England in 1819
"England in 1819" is a political sonnet by the English Romantic poet Percy Bysshe Shelley, and reflects his liberal ideals. Composed in 1819, it was not published until 1839 in the four-volume The Poetical Works of Percy Bysshe Shelley (London: Edward Moxon) edited by Mary Shelley. Like all sonnets, "England in 1819" has fourteen lines and is written in iambic pentameter; however, its rhyming scheme (a-b-a-b-a-b, c-d-c-d, c-c-d-d) differs from that of the traditional English sonnet (a-b-a-b, c-d-c-d, e-f-e-f, g-g).
The sonnet describes a very forlorn reality. The poem passionately attacks England's, as the poet sees it, decadent, oppressive ruling class. King George III referred to by "old, mad, blind, despised, and dying". The "leech-like" nobility ("princes") metaphorically suck the blood from the people, who are, in the sonnet, oppressed, hungry, and hopeless, their fields untilled. Meanwhile, the army is corrupt and dangerous to liberty, the laws are harsh and useless, religion has lost its morality, and Parliament (the "Senate") is a relic.
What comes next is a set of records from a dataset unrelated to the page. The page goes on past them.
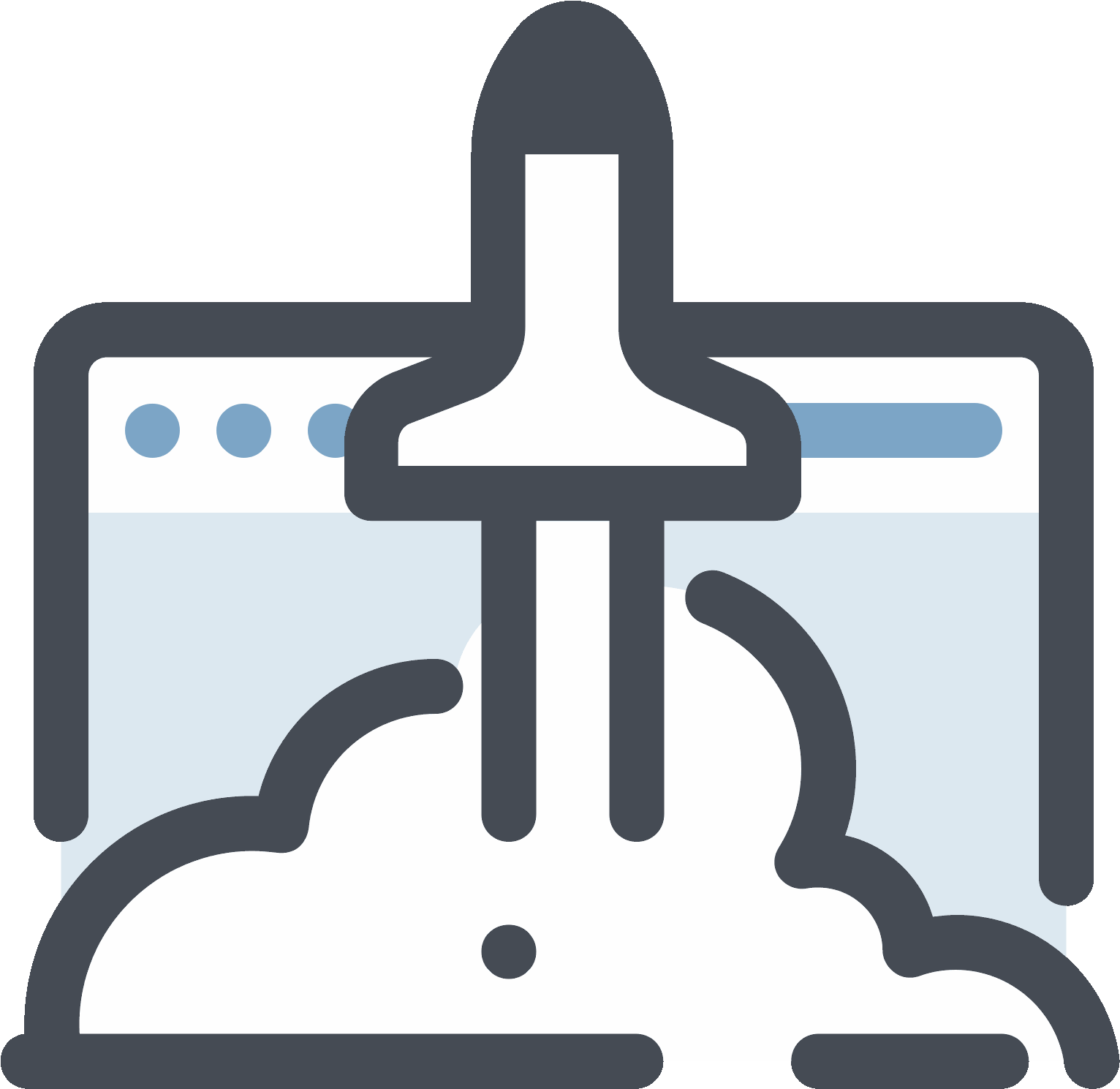 Browser Window Icon Png - Icon (1600x1600), Png Download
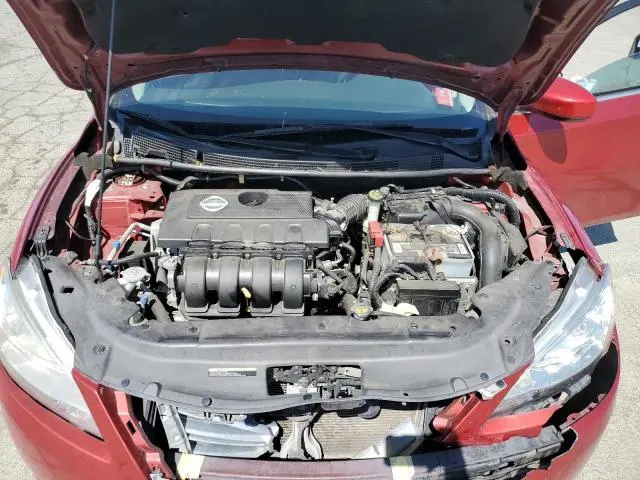 2014 NISSAN SENTRA S  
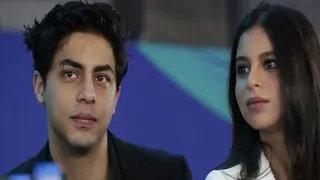 Aryan & Suhana Khan make a stylish appearance as they attend an event in Dubai Thumbnail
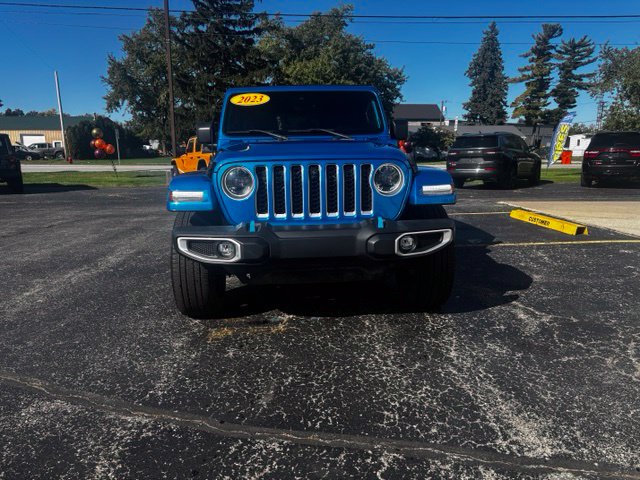 Used 2023 Jeep Wrangler Sahara SUV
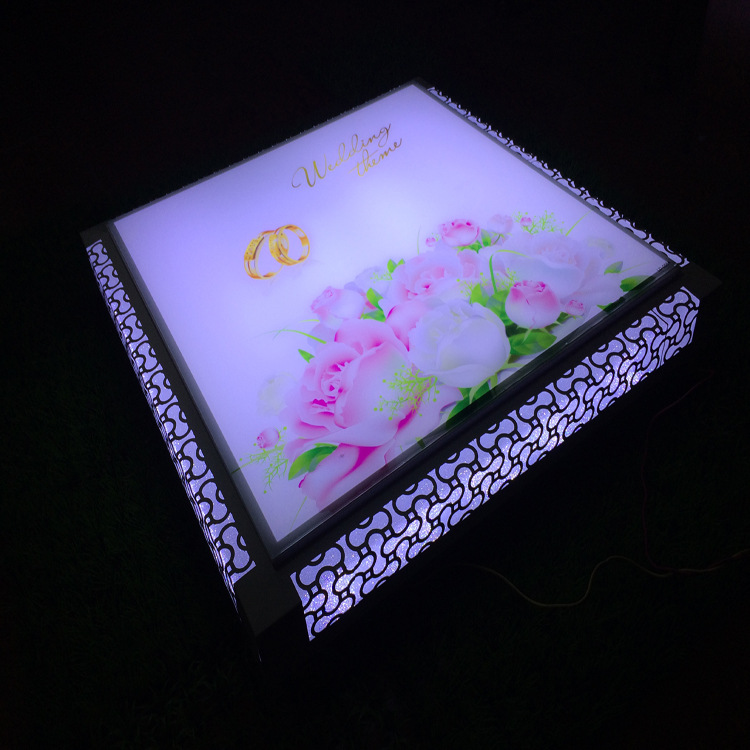LED modern acrylic ceiling light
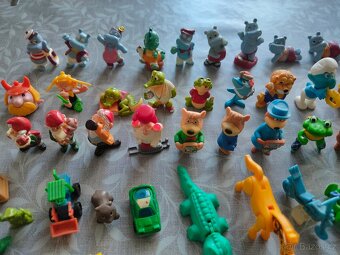 Kinder figurky - 6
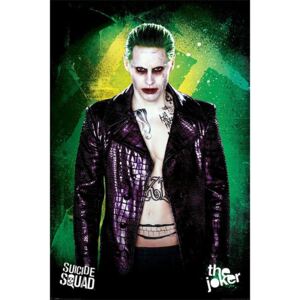 Plagát - Suicide Squad (Joker)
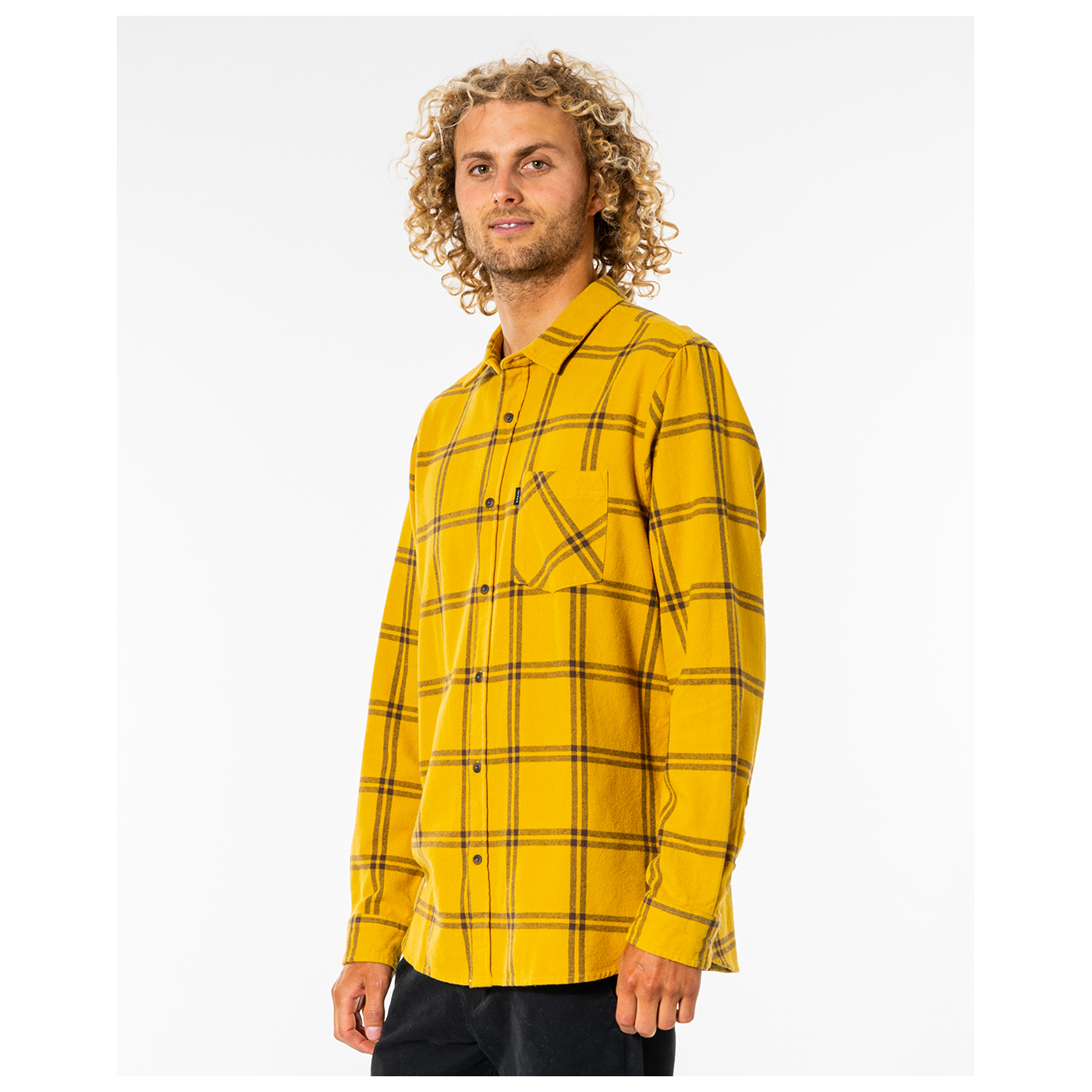rip curl flannel jacket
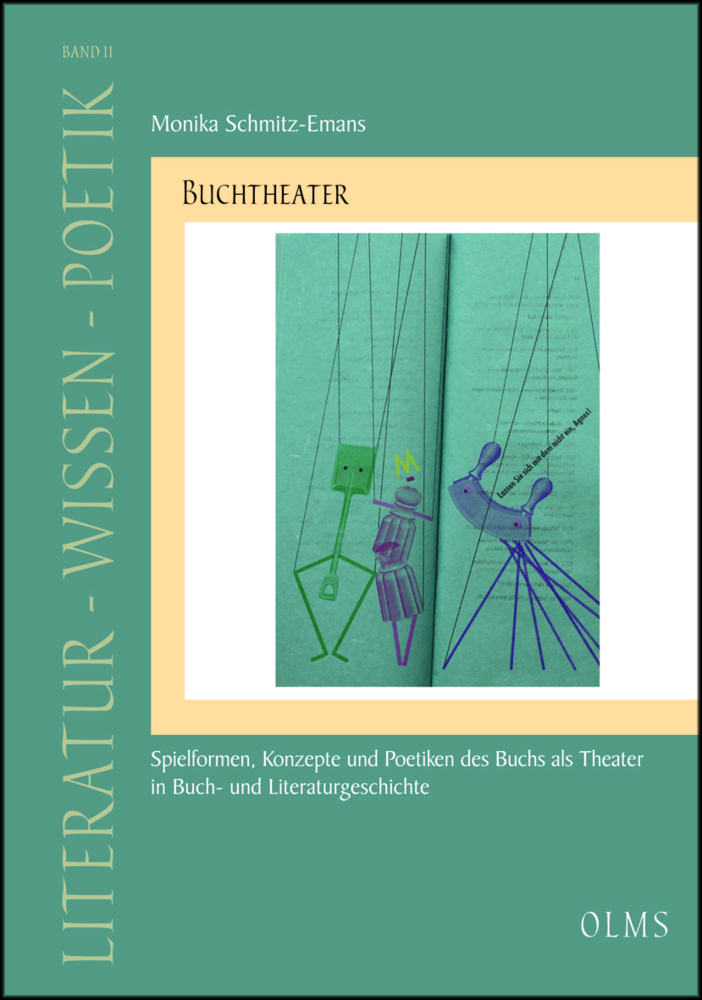 Cover: 9783487160603 | Buchtheater | Monika Schmitz-Emans | Buch | 888 S. | Deutsch | 2022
In addition, the civil rights of the Catholic minority are non-existent "Time's worst statute unrepealed". In a startling burst of optimism, the last two lines express the hope that a "glorious Phantom" may spring forth from this decay and "illumine our tempestuous day".
This poem was written as a response to the brutal Peterloo Massacre in August 1819.
"England in 1819" is a sonnet, a fourteen-line poem metered in iambic pentameter.